I moved to my great aunt’s community over three decades ago, 10 years after she had died. I’d occasionally think of her as I drove past her old apartment building or the Methodist church she attended. Several years ago, I noticed a new wing on the old church, modern, spacious and airy. I commented on it to a co-worker who I knew attended that church.
He said the old church building had undergone significant remodeling over the years to update the wiring and plumbing, to create a more welcome sanctuary for worship and most recently to add a new educational wing for Sunday School and after school programs during the weekdays. As one of the council members in the church’s leadership, he commented that he was fortunate to attend a church equipped with financial resources to provide programs such as this in a struggling neighborhood that had more than its share of latch-key kids and single parents barely making do. He mentioned an endowment from a bequest given over 40 years ago by a spinster schoolteacher in her will. This lady had attended the church faithfully for years, and was somewhat legendary for her silent weekly presence in the same pew and that she rarely spoke to others in the church. She arrived, sat in the same spot, and left right after the service, barely interacting. Upon her death, she left her entire estate to the church, well over $1 million in addition to the deed to an oil well in Texas which has continued to flow and prosper over the past several decades. The new wing was dedicated to her memory as it represented her expressed desire for her neighborhood.

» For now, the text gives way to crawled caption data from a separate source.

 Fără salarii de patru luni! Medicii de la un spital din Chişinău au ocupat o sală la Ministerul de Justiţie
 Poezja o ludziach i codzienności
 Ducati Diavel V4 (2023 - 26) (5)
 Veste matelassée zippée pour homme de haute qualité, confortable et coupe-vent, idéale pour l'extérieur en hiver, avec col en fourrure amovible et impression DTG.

I asked if her name was Marion and he stared at me baffled. Yes, I knew her, I said. Yes, she was a remarkable woman. Yes, how proud she would be to see her legacy – what she had worked so hard for and then left behind — come to fruition.
There were times as I was growing up I wondered if my Great Aunt Marion had a secret lover somewhere, or if she led a double life as her life at home seemed so lonely and painful. I know now that she did have a secret life. She loved the children she had made her own and she lived plainly and simply in order to provide for others who had little. Her extended family is better off having never inherited that money or an oil well. It could have torn an already conflicted family apart and Marion knew, estranged from her only blood relatives, her money would hurt us more than it would help.